- Xbox LIVE renewal (Xbox One): $59.99
- Severed (Vita): $14.99
- TMNT (Xbox One): $6.54 (Redbox 2-day rental)
- Homefront: Revolution (Xbox One): $6.54 (Redbox 2-day rental)
- Mirror’s Edge (Xbox 360): $4.79
- EA Access (Xbox One): $4.99
YTD Total: $1,023.10
- DOOM (Xbox One): 6h 15m
- Teenage Mutant Ninja Turtles: Mutants in Manattan (Xbox One): 3h 7m
- Assassin’s Creed Rogue (PS3): 2h 21m
- Runner 2: Future Legend of Rhythm Alien (Vita): 2h 4m
- Homefront: Revolution (Xbox One): 1h 58m
- Severed (Vita): 1h 30m
- God of War III Remastered (PS4): 1h 3m
- Suikoden II (PS1): 40m
- Kirby and the Rainbow Curse (WiiU): 29m
- Mr. Crab 2 (iOS): 20m
- Hot Shots Golf World Invitational (Vita): 13m
“Worth a Rental”
When I was writing for video game magazines (1999-2004), Blockbuster Video stores were as commonplace as Starbucks cafes are today. Our staff at GameNOW would frequently recommend that players rent games that fell into the “good, but not great” category. Renting games was a great way to taste everything that came out without breaking the bank.
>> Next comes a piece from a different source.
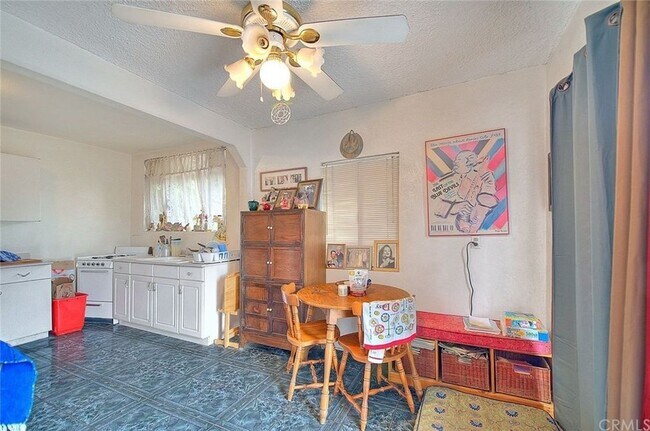 Building Photo - 4414 Berenice Ave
When Blockbuster Video started to die, renting games became much more difficult. I tried Gamefly for a while, which would send you games by mail – like the old Netflix DVD distribution system. But getting a new release from Gamefly on its first week of release seemed as rare as winning the lottery. When PS Plus started offering free games with a subscription, I stopped renting games altogether, finding my plate was full enough between cool freebies like DMC and full-priced new releases from GameStop.
Then came Redbox video game rentals. At the start, they did not offer next-generation games, but now that Xbox One and PS4 titles are in their rotation, the service has become a fantastic way to keep up. I check the machines whenever I’m at a 7-11 or Safeway. If you’re an Xbox One gamer, like me, the service is particularly handy, because Redbox carries both versions of every major release, and there are fewer players fighting to take home the Xbox One versions. They are always in stock! I’m beginning to think I’m the only person in Half Moon Bay with the Xbox One.
This week, the service helped me to dodge two bullets: Teenage Mutant Ninja Turtles: Mutants in Manhattan (Xbox One), and Homefront: The Revolution (Xbox One). I had been planning to purchase both. Not anymore!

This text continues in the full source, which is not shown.